Comment by edm0nd

16 hours ago

Did you know that Captain Planet was straight up created to be pro environmentalist and anti-oil propaganda?

>Captain Planet and the Planeteers (1990–1996) was a pioneering animated series designed by Ted Turner and producer Barbara Pyle as environmental, pro-social "edutainment" to influence children towards ecological activism. It aimed to combat pollution and encourage environmental stewardship, often using over-the-top, stereotypical villains to represent corporate greed and ecological destruction.

Our parents let us get brainwashed by hippies and corporations as kids haha

The only problem with captain planet was the lack of nuance. Most people driving environmental degredation aren't over the top villains. Just executives acting in the best interest of their shareholders, but in general influencing kids to care about the environment is a pretty positive/pro-social thing to do.

  • I mean that’s what I meant by my comment.

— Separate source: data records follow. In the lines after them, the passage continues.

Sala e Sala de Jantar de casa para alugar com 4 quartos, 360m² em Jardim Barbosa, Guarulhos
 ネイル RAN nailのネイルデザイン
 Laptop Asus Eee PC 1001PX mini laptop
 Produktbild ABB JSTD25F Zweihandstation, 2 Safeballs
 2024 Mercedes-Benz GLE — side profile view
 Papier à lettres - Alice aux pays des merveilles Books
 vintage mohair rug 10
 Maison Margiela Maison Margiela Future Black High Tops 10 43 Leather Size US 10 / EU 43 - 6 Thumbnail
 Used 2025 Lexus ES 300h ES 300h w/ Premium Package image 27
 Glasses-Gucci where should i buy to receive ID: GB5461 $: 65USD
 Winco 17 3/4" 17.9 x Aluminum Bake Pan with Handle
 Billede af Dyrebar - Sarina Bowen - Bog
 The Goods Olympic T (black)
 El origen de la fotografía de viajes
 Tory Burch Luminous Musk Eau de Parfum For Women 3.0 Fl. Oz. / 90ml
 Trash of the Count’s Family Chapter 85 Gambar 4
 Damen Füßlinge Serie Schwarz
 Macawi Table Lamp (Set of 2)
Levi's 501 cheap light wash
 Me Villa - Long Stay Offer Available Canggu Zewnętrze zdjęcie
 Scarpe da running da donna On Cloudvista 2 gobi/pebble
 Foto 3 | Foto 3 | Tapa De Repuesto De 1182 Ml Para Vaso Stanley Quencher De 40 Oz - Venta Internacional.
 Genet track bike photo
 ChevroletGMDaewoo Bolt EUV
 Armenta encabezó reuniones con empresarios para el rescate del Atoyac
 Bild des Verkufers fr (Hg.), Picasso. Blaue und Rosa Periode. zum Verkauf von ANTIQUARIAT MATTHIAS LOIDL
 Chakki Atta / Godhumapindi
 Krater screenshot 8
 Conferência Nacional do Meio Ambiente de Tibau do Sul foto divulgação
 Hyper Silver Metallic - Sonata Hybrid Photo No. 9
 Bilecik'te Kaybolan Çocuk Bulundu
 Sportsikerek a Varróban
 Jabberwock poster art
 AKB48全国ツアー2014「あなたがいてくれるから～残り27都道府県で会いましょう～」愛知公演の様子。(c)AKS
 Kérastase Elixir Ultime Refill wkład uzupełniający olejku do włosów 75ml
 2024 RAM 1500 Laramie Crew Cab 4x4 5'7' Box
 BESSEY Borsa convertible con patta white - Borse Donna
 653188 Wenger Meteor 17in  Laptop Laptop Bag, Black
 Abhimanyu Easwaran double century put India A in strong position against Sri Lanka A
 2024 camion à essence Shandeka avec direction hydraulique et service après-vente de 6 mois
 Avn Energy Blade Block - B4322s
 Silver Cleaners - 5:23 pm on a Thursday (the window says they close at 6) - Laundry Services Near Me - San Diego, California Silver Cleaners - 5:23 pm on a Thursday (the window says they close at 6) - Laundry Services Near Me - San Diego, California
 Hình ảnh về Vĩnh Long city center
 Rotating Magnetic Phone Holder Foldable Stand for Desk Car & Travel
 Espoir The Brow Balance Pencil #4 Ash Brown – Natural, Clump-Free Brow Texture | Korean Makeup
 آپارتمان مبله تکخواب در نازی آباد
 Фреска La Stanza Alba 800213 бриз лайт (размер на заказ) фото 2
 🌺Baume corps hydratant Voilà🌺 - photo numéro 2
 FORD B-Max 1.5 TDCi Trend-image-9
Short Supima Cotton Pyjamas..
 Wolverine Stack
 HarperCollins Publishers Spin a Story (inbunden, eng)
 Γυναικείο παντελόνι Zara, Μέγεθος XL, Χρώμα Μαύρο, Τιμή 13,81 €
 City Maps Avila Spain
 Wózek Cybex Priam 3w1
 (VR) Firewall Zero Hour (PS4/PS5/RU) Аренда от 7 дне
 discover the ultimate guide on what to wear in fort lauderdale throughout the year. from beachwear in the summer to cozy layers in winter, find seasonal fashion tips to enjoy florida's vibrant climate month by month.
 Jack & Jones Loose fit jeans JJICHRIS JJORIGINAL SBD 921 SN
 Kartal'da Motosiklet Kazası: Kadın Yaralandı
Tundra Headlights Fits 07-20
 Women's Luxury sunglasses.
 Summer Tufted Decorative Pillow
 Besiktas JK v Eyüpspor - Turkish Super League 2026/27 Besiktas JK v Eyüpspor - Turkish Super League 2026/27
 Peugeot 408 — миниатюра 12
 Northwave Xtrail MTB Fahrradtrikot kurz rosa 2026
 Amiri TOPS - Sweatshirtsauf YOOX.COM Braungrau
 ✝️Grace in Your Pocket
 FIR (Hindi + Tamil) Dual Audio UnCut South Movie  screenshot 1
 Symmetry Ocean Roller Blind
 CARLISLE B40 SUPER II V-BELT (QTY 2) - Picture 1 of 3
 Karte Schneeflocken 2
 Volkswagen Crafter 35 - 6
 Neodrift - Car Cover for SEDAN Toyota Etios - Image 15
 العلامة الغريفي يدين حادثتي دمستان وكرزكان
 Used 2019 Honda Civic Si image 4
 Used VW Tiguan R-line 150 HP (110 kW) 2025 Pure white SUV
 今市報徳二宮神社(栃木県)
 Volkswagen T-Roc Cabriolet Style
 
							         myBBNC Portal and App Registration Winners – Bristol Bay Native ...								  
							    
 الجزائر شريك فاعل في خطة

The government now are literally cartoon villains like the over the top characters on Captain Planet.

> Did you know that Captain Planet was straight up created to be pro environmentalist and anti-oil propaganda?

Well, yes, it isn't subtle.

It turns out that some propaganda is just correct, however.

  • Captain Planet always bothered me as a kid, even though I was (and continue to be) supportive of environmental protection. There was too much evil for the sake of evil. People don't destroy the environment because they want to. The destroy it because they don't care. They don't care because they are driven by greed, or some other motivation that is ultimately damaging to the environment, society, and civilization.

    • Yes, that's an entirely fair criticism. Media for children often has this kind of non-realism, and I think it's mostly for the worse.

      Strangely enough, I was raised with quite a bit of environmental responsibility, but only a relatively dim awareness of the show existing.

>Our parents let us get brainwashed by hippies and corporations as kids haha

Yes, well the alternative, where the entire media system that might offer a cartoon like Captain Planet is owned by one side, is working out super well and in no way slants anyone's view of anything. Good God, my dad still fights weird battles like this tiny skirmish without ever being able to see the larger picture and how immaterial this is.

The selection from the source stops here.